Tom regularly updates his position and sends intelligence to Declan Smith, a member of the SAS Counter Terrorism Team and his friend. Declan, who has been bribed by the Black Swans, sends a rescue team into a trap. Grace asks for a $500 million ransom from Britgaz or else she will blow up the tunnel and reveal the secret Britgaz gas pipeline in the tunnel. After inviting Clements to negotiate, Grace has one of her team secretly record their conversation as insurance. Grace finds out via Declan that Tom's girlfriend is on the train and takes her hostage. Tom returns to the train, but he fails to rescue Sophie. Grace escapes with her through the gas pipeline, pursued by Tom. Grace's team uploads the video of Clements and tries to escape among the hostages, but SAS snipers kill them. Upon not finding Grace among the hostages, Clements realises that Declan is guilty.

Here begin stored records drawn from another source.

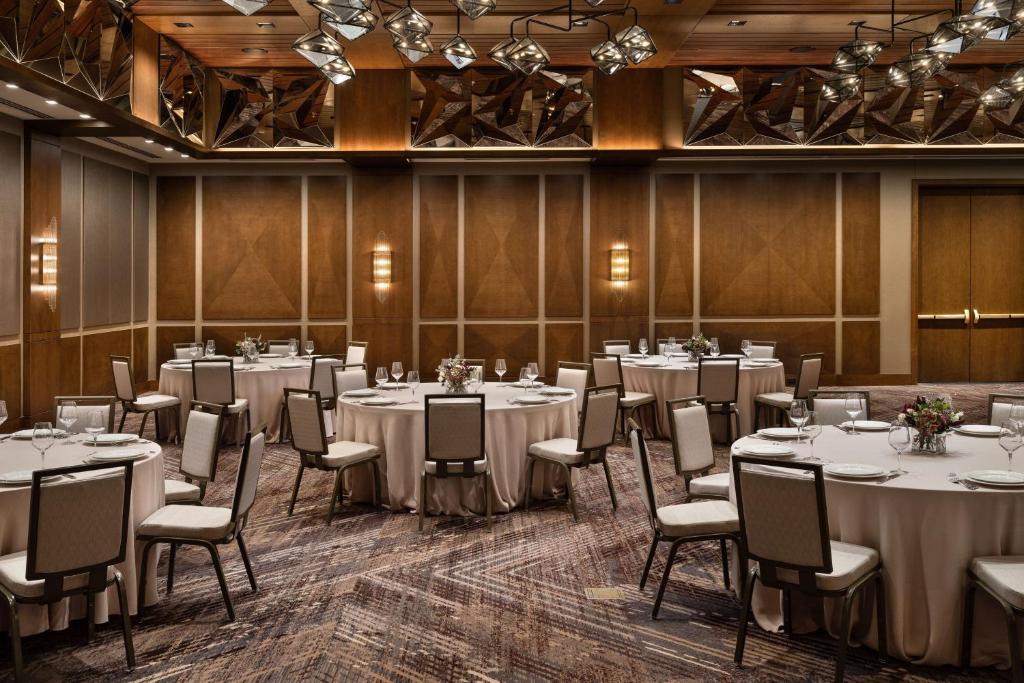 Restaurace v ubytování AC Hotel by Marriott Austin-University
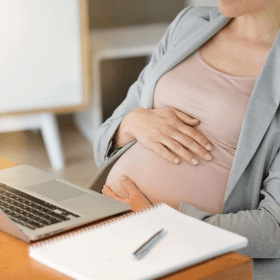 Трудовая деятельность во время отпуска по беременности и родам 
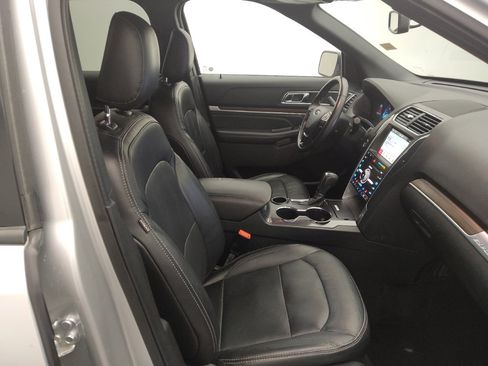 Used 2019 Ford Explorer Limited w/ Class III Trailer Tow Package FWD image 21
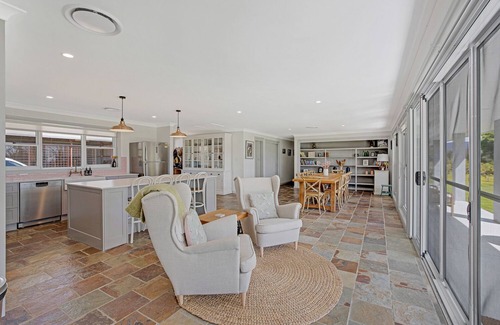 Spring Flat House | Yurali House - 5 bedroom home with beautiful views of Mt Frome.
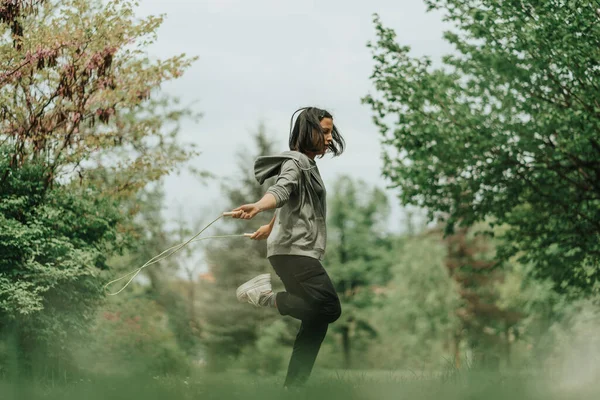 Mooi Meisje Springen Het Touw Het Park Het Gras — Stockfoto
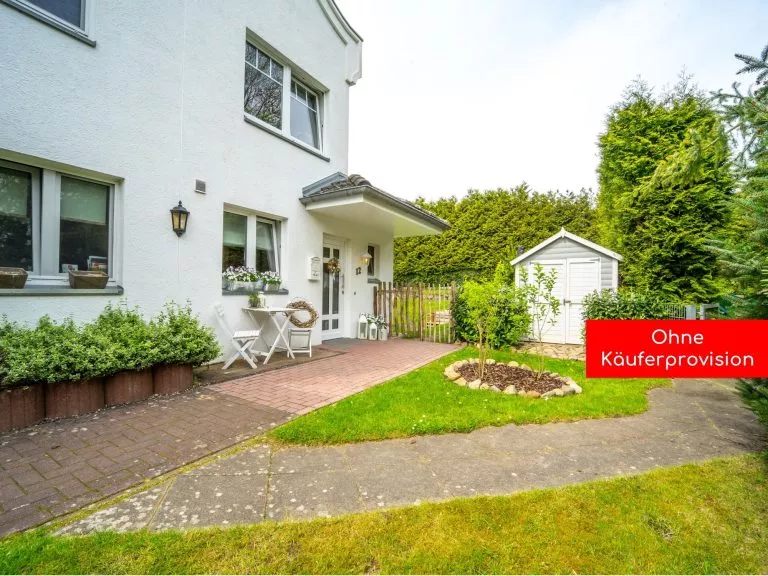 Moellerherm Immobilien - Immobilienangebot - Pansdorf, Holstein - Alle - Traumhaftes Zuhause: Unvergleichliches Reihenendhaus in Pansdorf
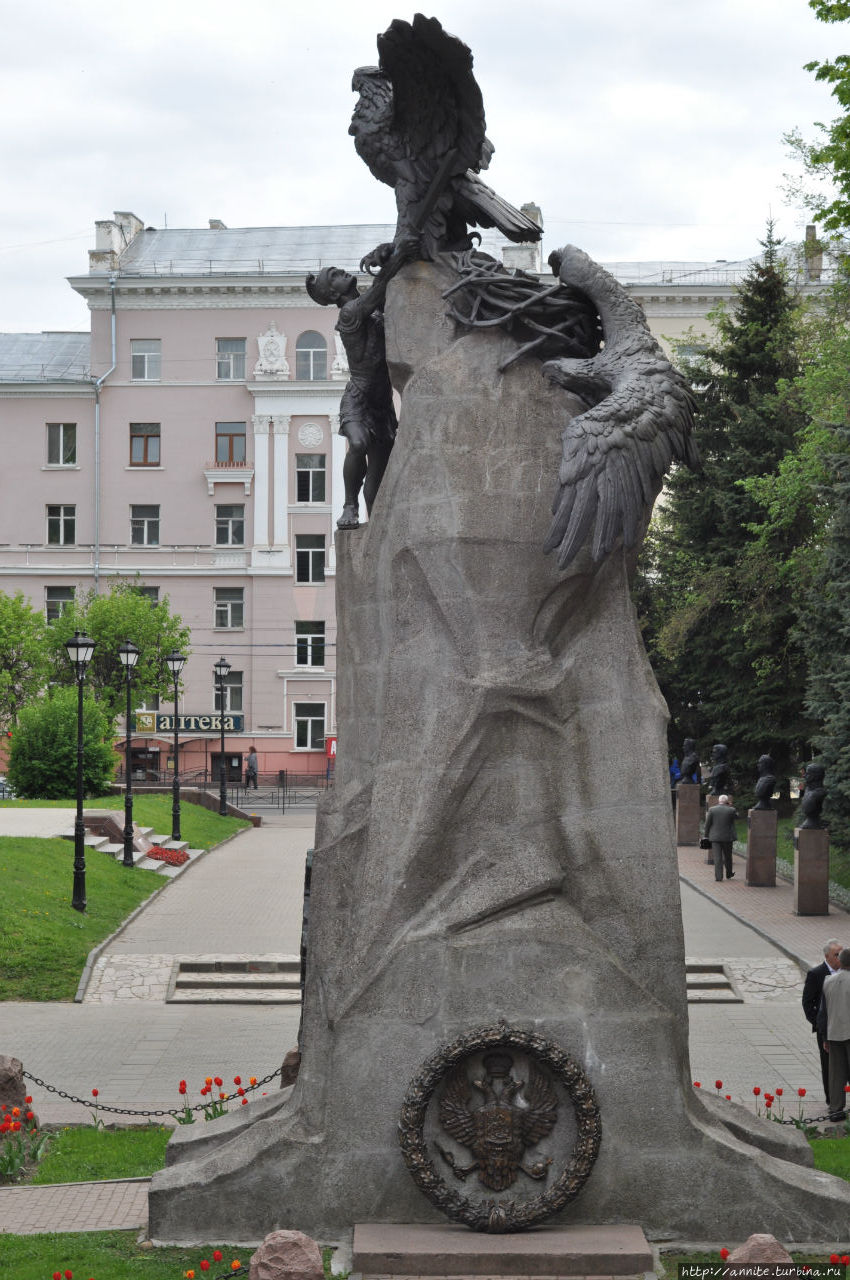Памятник защитникам Смоленска в войне 1812 г. Смоленск, Россия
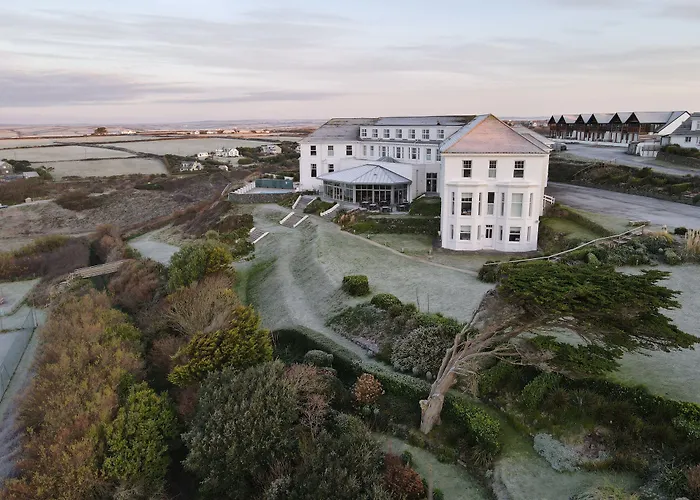 Hotel Polurrian On The Lizard Mullion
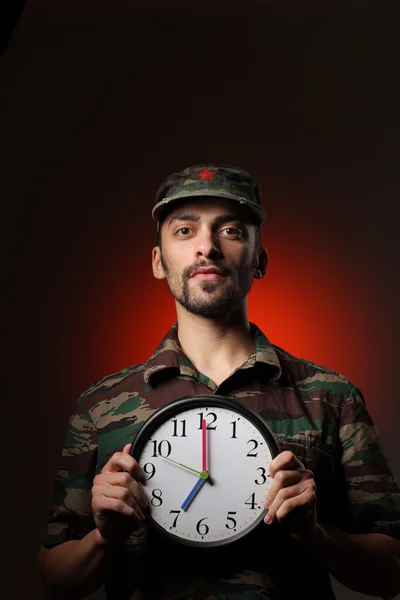 Soldat hält Uhr — Stockfoto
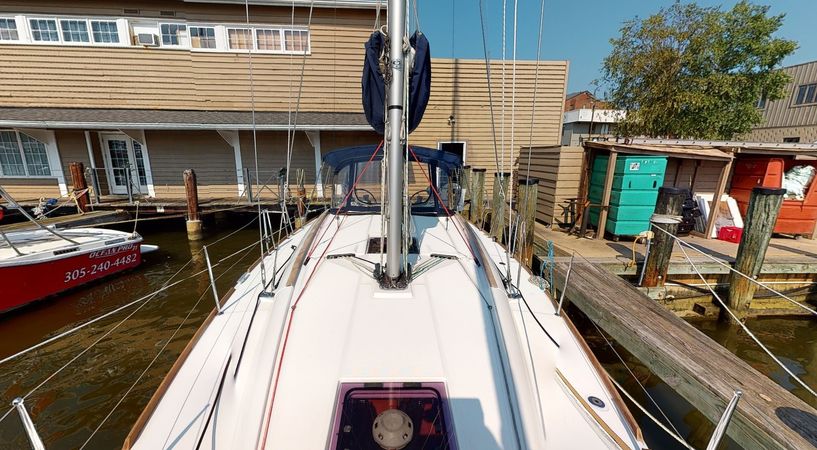 Jeanneau Sun Odyssey 389 | 39 North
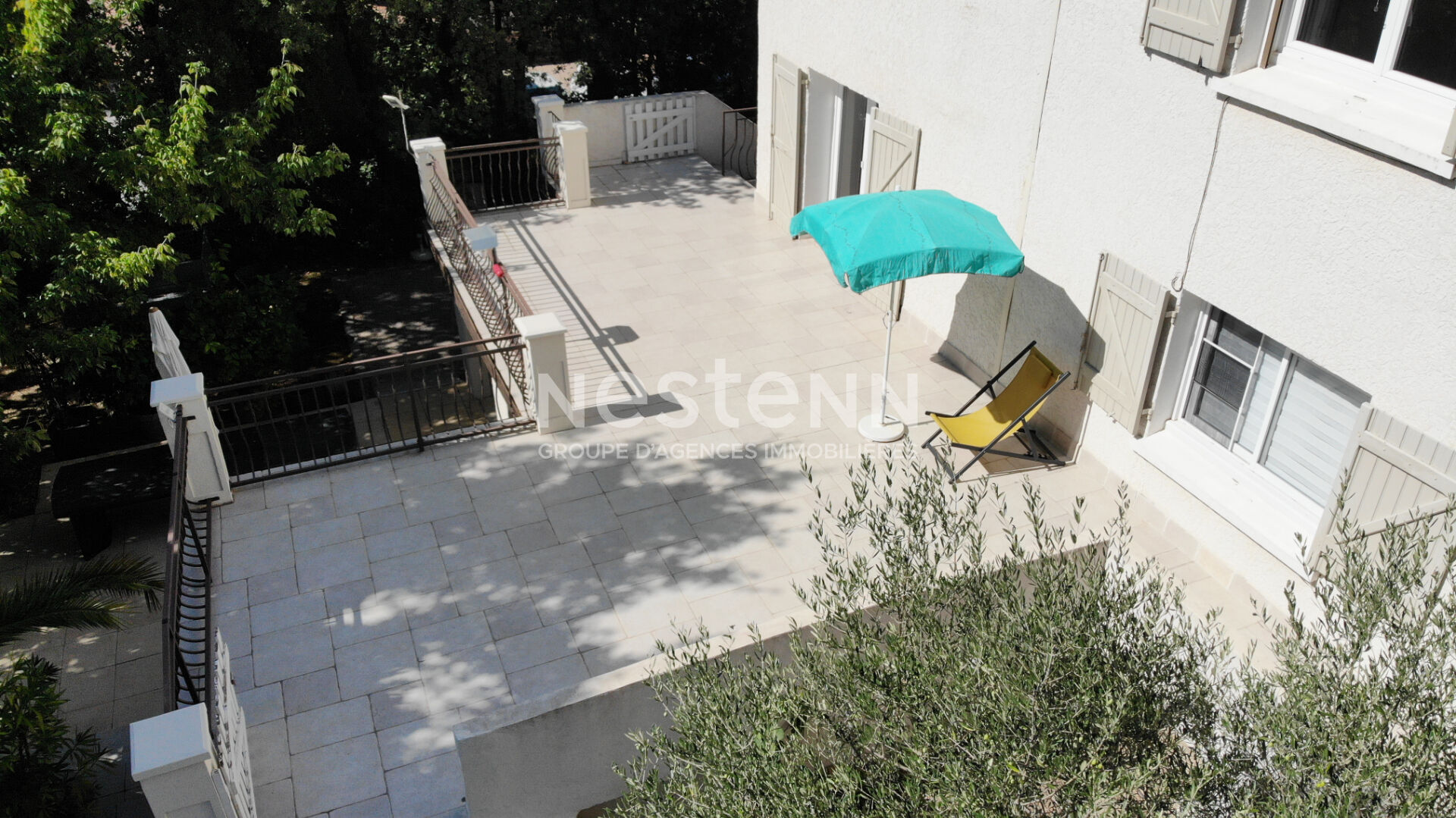 Villa T6 213 m2 avec piscine, pool house, grands volumes et sous-sol de 150 m² à Pourrières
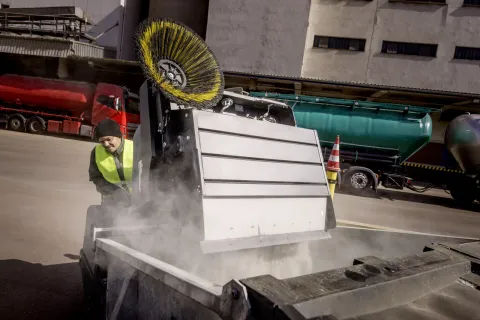 Kärcher Seprő-porszívó KM 130/300 RI Bp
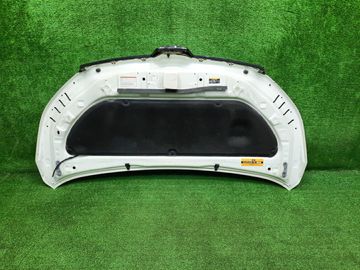 КАПОТ НА TOYOTA VOXY ZWR80G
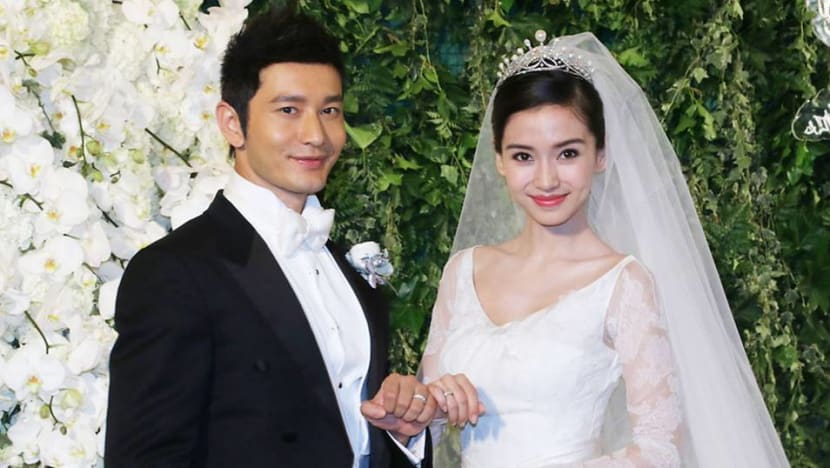 What did Huang Xiaoming give Angelababy for her birthday?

Once out of the pipe, Grace blows up the pipeline, and Tom narrowly escapes. Clements and all of the SAS operatives excluding Declan appear to be killed in the explosion. Grace stabs Sophie in her thigh and runs away. Sophie says she finally understands Tom and asks him to catch Grace instead of being with her. After catching up with Grace, they fight and Grace is fatally injured. Grace praises Tom's tenacity and offers him to be her successor to rebuild the Black Swans. Tom rejects the offer and finishes off Grace. Tom realises that he loves Sophie; during their trip, Tom proposes to her. She refuses at first, believing him incapable of love, but agrees after seeing his emotional reaction. The British prime minister and Britgaz representative are questioned, and all blame is transferred to Declan, the sole surviving member of Grace's team. Tom and Sophie get married in Spain; during the ceremony, Tom is briefed by Clements, who survived the explosion, to find Declan.

==Production==
It was announced in November 2018 that filming had begun in Budapest on the film. Filming continued to February 2019, including London and Paris.

==Release==
Sky Cinema released the film on 12 March 2021. In February 2021, Vertical Entertainment and Redbox Entertainment acquired U.S. distribution rights to the film and set it for a 16 March 2021 release.

Warner Bros. Home Entertainment released SAS: Red Notice on DVD and Blu-ray under Universal Pictures Home Entertainment on 12 July 2021. The film was retitled SAS: Rise of the Black Swan on Netflix to avoid confusion with the Netflix-produced film Red Notice, which was also released in 2021.

==Reception==
According to the review aggregator website Rotten Tomatoes, 52% of critics have given the film a positive review based on 21 reviews; the average rating is 5.10/10. The critics consensus reads: "Whether it's called SAS: Red Notice or SAS: Rise of the Black Swan, this is a thoroughly mediocre action thriller."